ROYAL CHILDREN.

On the occasion to which I have last referred, one of the royal carriages contained three children, two boys and a girl, with their tutor and governess. The girl was Leopold's only daughter, and her name was identical with that of his first wife, Charlotte. The little Belgian princess was then eleven years of age, and was exceedingly pretty. She was delicately fair, blue-eyed, and flaxen-haired, and appeared to appreciate highly the popular acclamations which were frequently announced as specially intended for her. The joyous countenance, irradiated by the excitement incident to demonstrations of enthusiastic approbation, seemed inaccessible to the wrinkles of care, and exempt from the lachrymal effects of sorrow. Nevertheless, that royal child has furnished a most piteous instance of the mutability of fortune, of accumulated miseries substituted for the apparent approach of transcendent happiness.
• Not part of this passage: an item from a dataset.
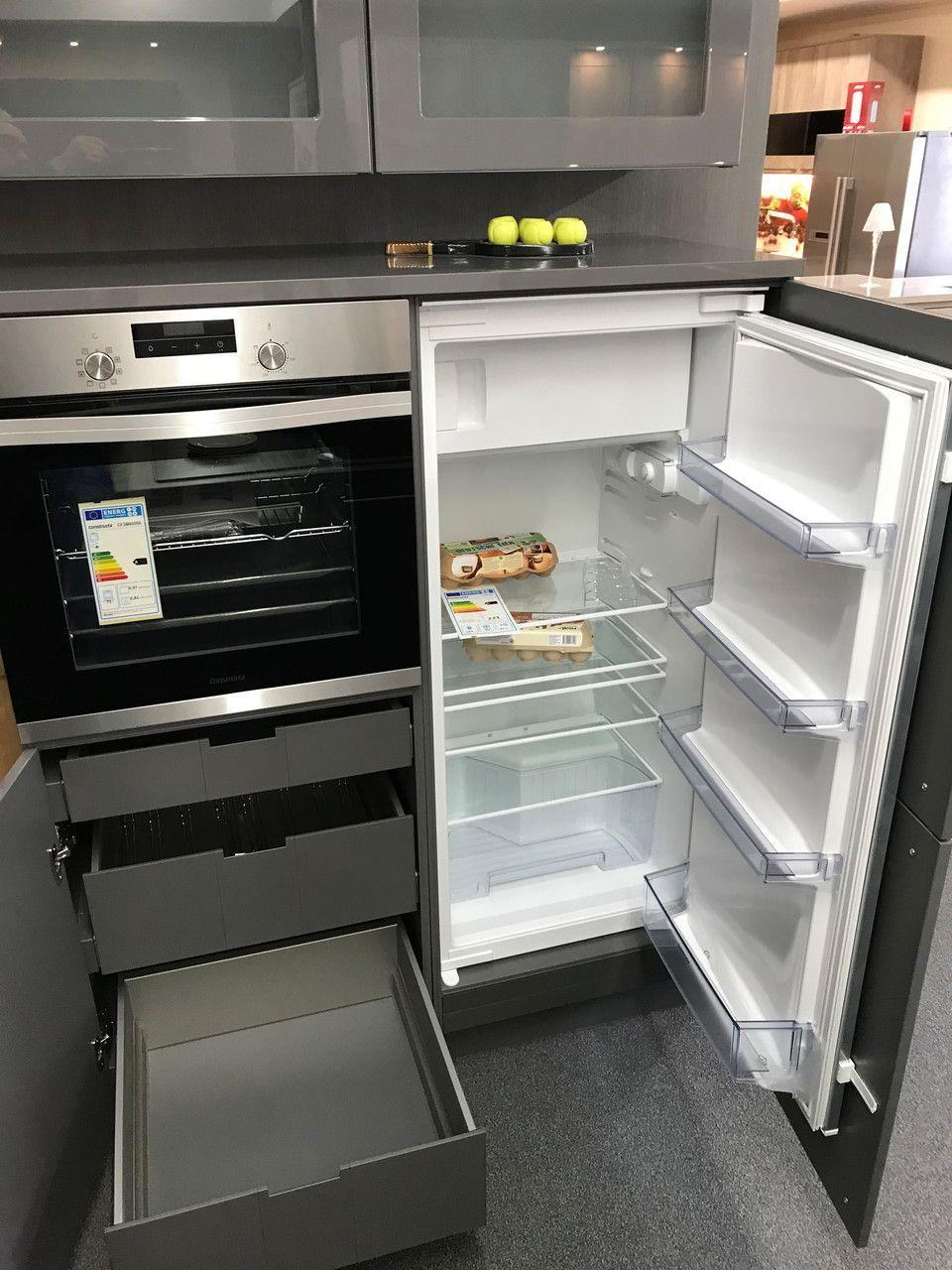 Unsere Ausstellung in Bischberg — Edelstahl-Einbaubackofen mit geöffnetem schmalen Einbaukühlschrank daneben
To her have been allotted

"The hopes that but allure to fly,

The joys that vanish while we sip;

Like Dead-Sea fruits that tempt the eye,

But turn to ashes on the lip!"

In about six years after the time to which my reminiscence refers, she became the consort of Ferdinand Maximilian, eldest brother of the Emperor of Austria, who subsequently, at the instance of Napoleon the Third, assumed the title of Emperor of Mexico, but having utterly failed in his efforts to establish the Imperial authority to which he aspired, was shot as a culprit, by order of the President Juarez, in 1867, leaving his bereaved widow in such affliction as to produce a state of insanity from which she is not expected to recover.